EXERCISE DESCRIPTION
Would you copy the entries that follow exactly, leaving out every picture?

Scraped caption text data
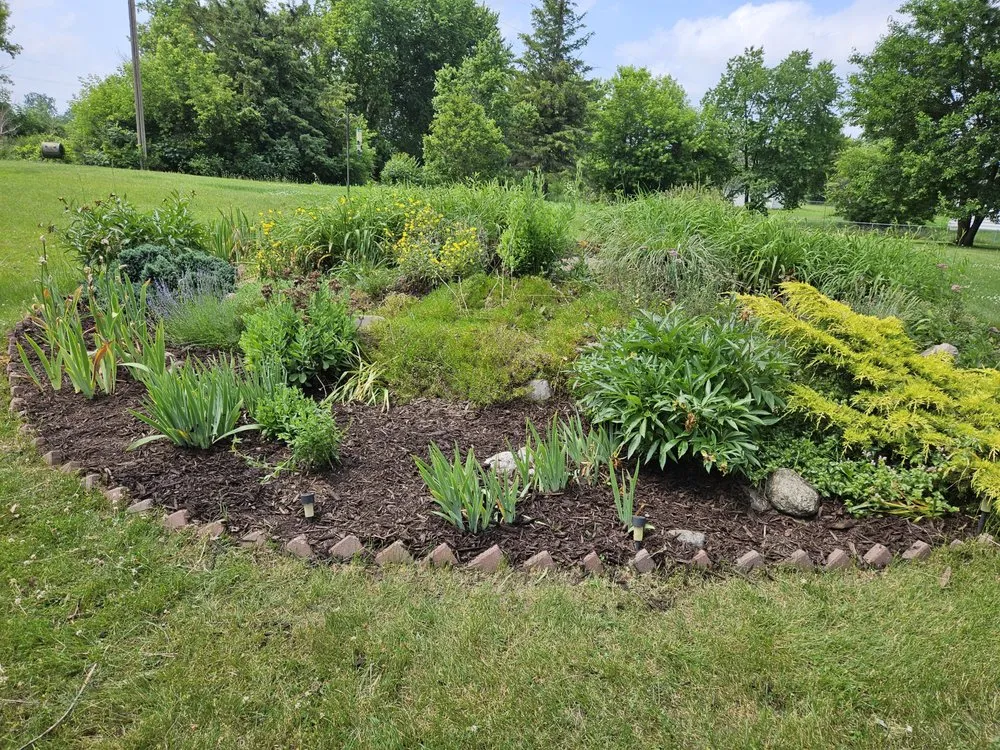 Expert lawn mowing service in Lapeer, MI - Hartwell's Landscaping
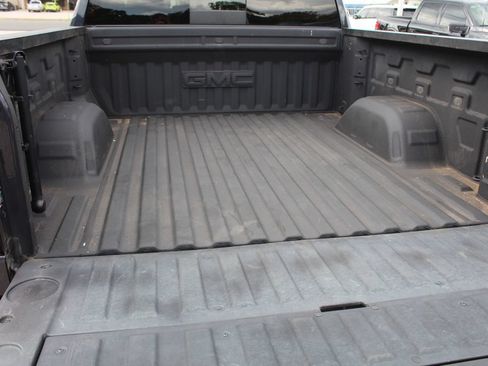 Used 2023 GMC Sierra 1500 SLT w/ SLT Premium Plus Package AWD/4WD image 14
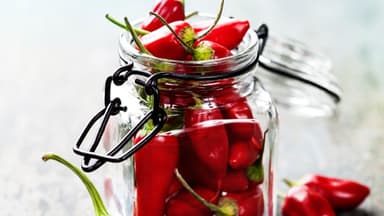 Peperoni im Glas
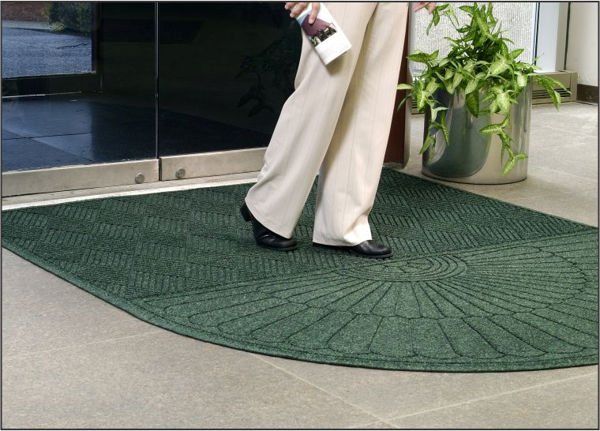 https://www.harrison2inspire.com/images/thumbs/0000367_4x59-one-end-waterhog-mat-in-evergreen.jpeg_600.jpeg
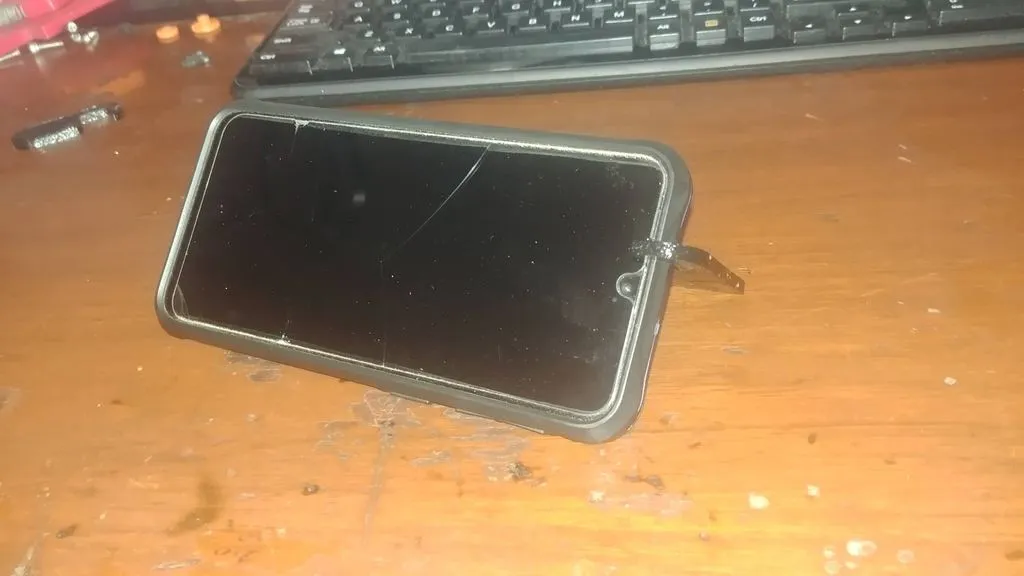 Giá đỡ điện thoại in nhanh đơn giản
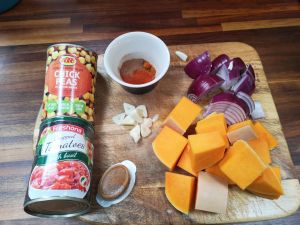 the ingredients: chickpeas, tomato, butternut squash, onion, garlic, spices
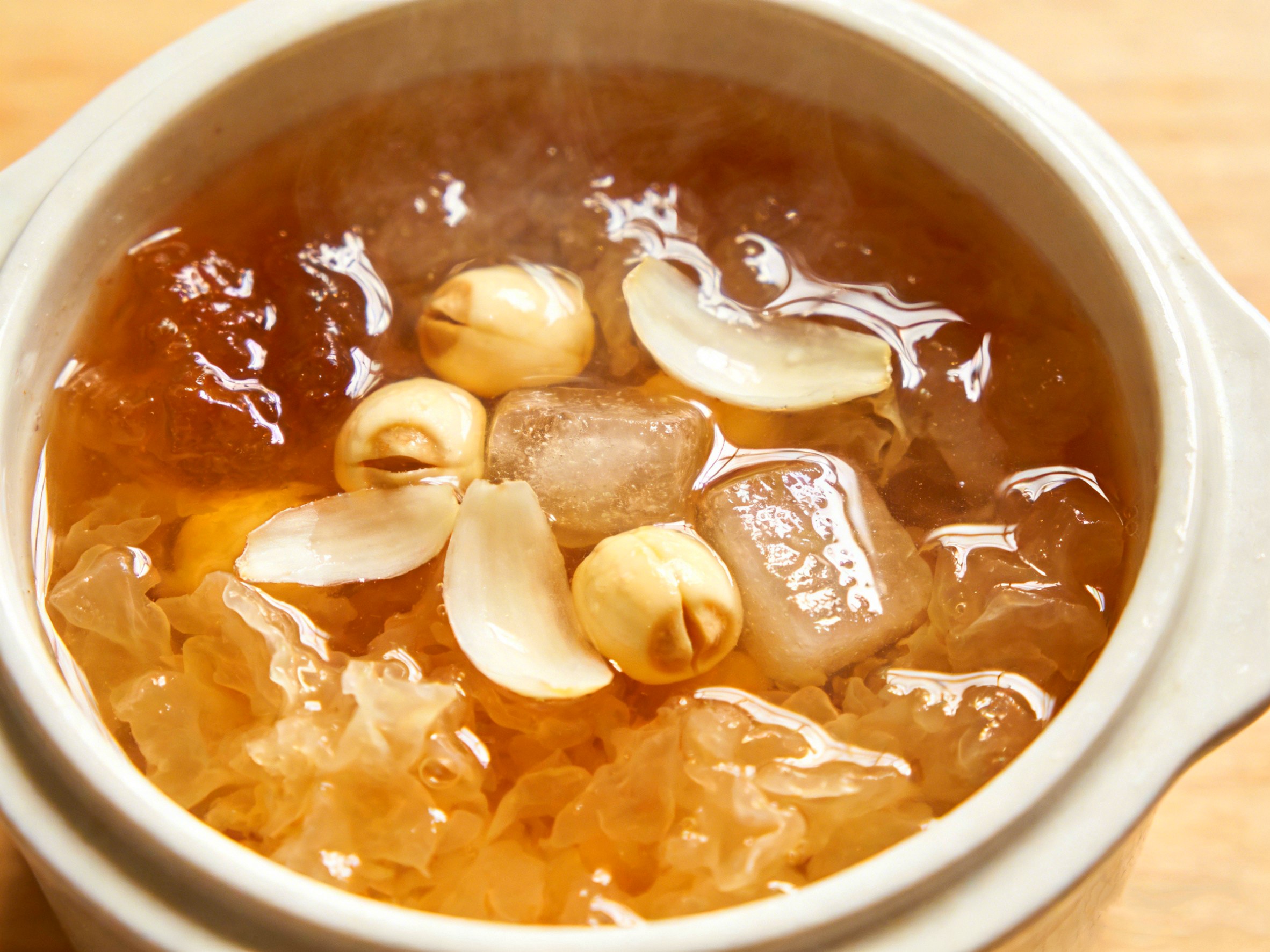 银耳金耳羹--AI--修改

RESULT OF THIS TASK
 Expert lawn mowing service in Lapeer, MI - Hartwell's Landscaping
 Used 2023 GMC Sierra 1500 SLT w/ SLT Premium Plus Package AWD/4WD image 14
 Peperoni im Glas
 https://www.harrison2inspire.com/images/thumbs/0000367_4x59-one-end-waterhog-mat-in-evergreen.jpeg_600.jpeg
 Giá đỡ điện thoại in nhanh đơn giản
 the ingredients: chickpeas, tomato, butternut squash, onion, garlic, spices
 银耳金耳羹--AI--修改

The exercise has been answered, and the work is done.